All of that to say – there’s a lot that’s heavy about this story.

Now imagine for a moment that you’re around that campfire, and that Jacob is your great-great-great grandfather.   A story always seems to become a little more colorful when it’s told against the backdrop of the darkness night provides.  In that setting, when your whole life you’ve been told stories about how great your family and your nation are, the difference between Esau and Jacob are almost cartoonish – Jacob, already known to be the father of the 12 tribes of Israel, and Esau, the hairy, brutish, ruddy-complexioned, blue-collar dunce who sold his most valuable possession for a bowl full of beans.  Yep.  The great-great-great granddaddy of the Edomites was a red face that that sold out for a bowl of red stuff.

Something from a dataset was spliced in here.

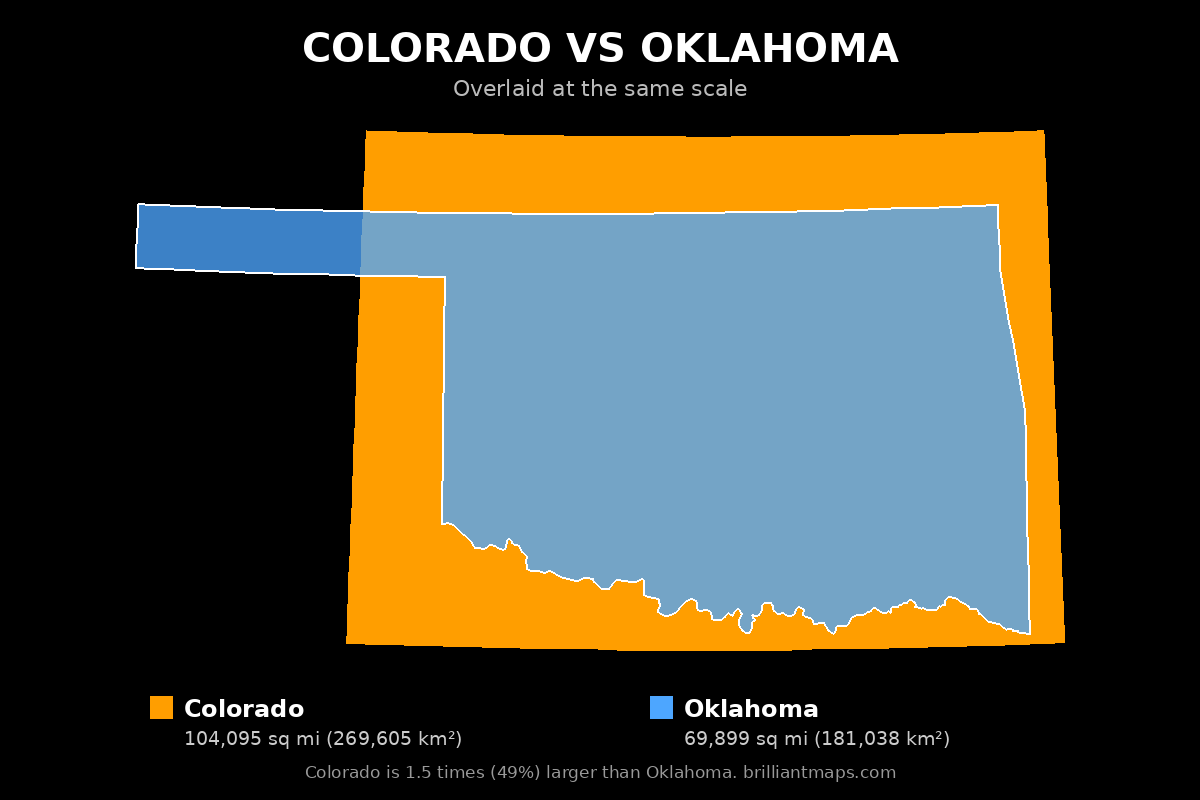 Colorado vs Oklahoma Size Comparison Map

It’s a story of relentless tragedy and great comedy, depending on who is telling the story.  It’s easy to see how, based on which campfire you were sitting around, the legend could be bigger than the reality. [1]

This story, as most do, has two layers of meaning – it was told as the story of a nation, and as a family’s personal story.

Did you see the Newsweek article this week about past President Warren G. Harding?  In it, they billed him as a better erotic letter-writer than a President of the United States.  Aren’t those the kinds of honors one just hopes to receive?  It may be a news story, but it isn’t a new story.

These letters, excerpts  from which were published in The New York Times Magazine, were sealed up by the Library of Congress in 1964 as part of an agreement between Harding’s family and the historian Francis Russell, who had uncovered them. That agreement stood for 50 years—and just now expired.

Sherry Hall, the site manager for the Harding home, says the former president’s adulterous relationship with Carrie Fulton Phillips, who was the wife of one of his closest friends, has never been much of a secret—even in his hometown of Marion, Ohio.

“What we try to do here at the [historical] site is give people the most accurate information we can,” Hall said. According to Hall, the affair was a popular gossip item in Marion when Harding was alive. “He was a human being like anyone else,” she said. “It’s nothing that anybody tries to hide or anything. It’s part of the fabric of his life.”[2]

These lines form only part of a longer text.